After clinging to power through months of unprecedented protests, the conservative leader finally bowed out hours before a court hearing where he faces being remanded in custody pending trial -- a decision that would have automatically removed him from office under Guatemalan law.

Congress voted unanimously Tuesday to strip the 64-year-old retired general's presidential immunity, a first in the Central American country's history.

The scandal had already felled a raft of top officials, including former vice president Roxana Baldetti, who resigned in May and is in jail awaiting trial.

The new vice president, Alejandro Maldonado, is now due to assume power until Perez's successor is sworn in on January 14.

Perez sent his resignation to Congress "to protect the country's institutions" and "keep the office of the president away from the judicial process," presidential spokesman Jorge Ortega told AFP.

Prosecutors accuse Perez of masterminding a highly organized corruption scheme that defrauded the state of millions of dollars.

The scandal erupted in April, when investigators from a United Nations commission tasked with fighting high-level graft in Guatemala accused administration officials of running a system in which businesses paid bribes to clear their imports through customs at a fraction of the actual tax rate.
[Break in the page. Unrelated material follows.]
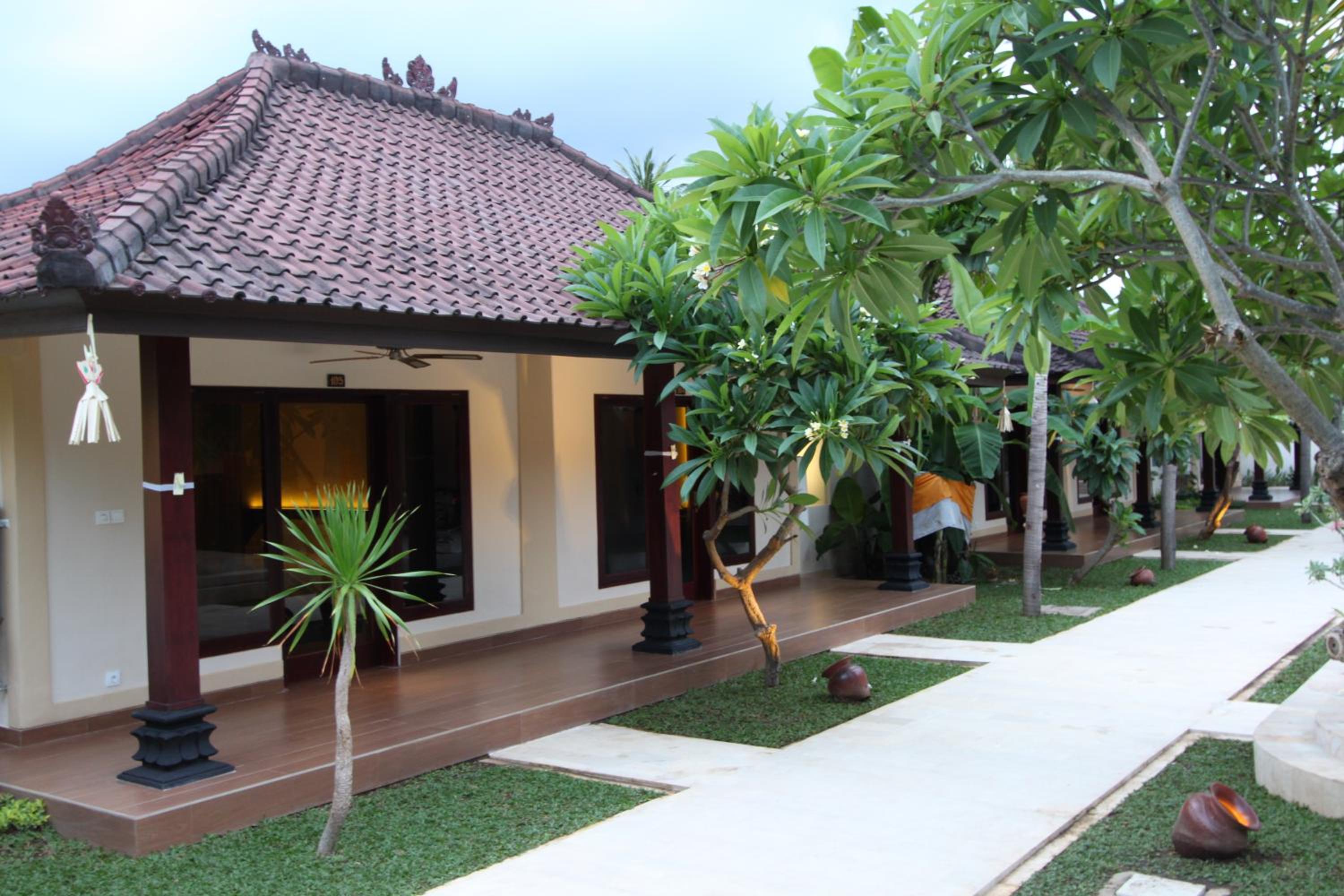 Hotel Melamun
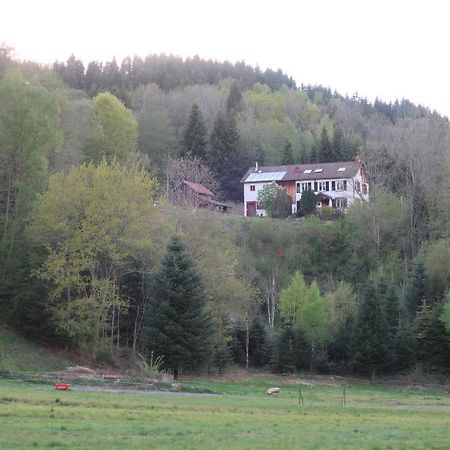 Chambres D'Hotes Le Chene Ban-sur-Meurthe-Clefcy Esterno foto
The scheme was dubbed "La Linea" (The Line), for the hotline that importers would allegedly call to access a network of corrupt officials.

Perez is expected to appear before a judge Thursday morning.

Prosecutors will ask the court to remand him in custody pending trial, said prosecution spokeswoman Julia Barrera.

The former military intelligence officer was ultimately backed into a corner by the spreading firestorm.

A judge barred him from leaving the country after his immunity was stripped.

On Wednesday the country's highest court rejected two motions filed by his lawyers challenging the legality of the proceedings against him.

In a last-ditch bid to avoid being taken into custody, Perez then filed a court document saying he would cooperate with the investigation.

But even that did not stop Judge Miguel Angel Galvez, who is presiding over the case, from ordering his arrest.

Guatemala's attorney general said Wednesday she was confident Perez would be convicted of corruption.

"There's a criminal case and we will go to trial and then a verdict. In my opinion and based on what I know of the case, it will have to be a conviction," said Attorney General Thelma Aldana, who was appointed by Perez.

Outraged Guatemalans have celebrated Perez's downfall.

Thousands have taken to the streets in protest since the scandal erupted, on a scale never before seen in the Central American country.

The accusations have stoked outrage in the country of 15 million people, 53.7 percent of whom live in poverty, where the scars are still fresh from a 36-year civil war that ended in 1996.

Investigators say their accusations are based on some 89,000 wire-tapped phone calls that uncovered "La Linea."

The U.N. investigative commission also uncovered separate corruption schemes implicating the top officials of the central bank and social security administration, forcing them to resign.

Perez had been left increasingly isolated by the scandals.

Six of his 14 ministers had resigned in recent days, along with several other top officials.

Perez apologized for the fact the graft happened on his watch, but repeatedly denied involvement.

The climate is jubilant but tense heading into Sunday's elections, which will also choose the members of the 158-seat legislature and 338 mayors.

The U.N. warned Wednesday there was a risk of violent protests on voting day.

Rights groups have reported cases of political party activists attacking protesters, and some 10 candidates were murdered between March and August.

On Tuesday, Nobel Peace Prize winner Rigoberta Menchu, a Guatemalan indigenous activist, appealed for calm, telling AFP in an interview: "My greatest hope is that there will be no violence on Sunday, that we will turn out without fear and vote... with no bloodshed."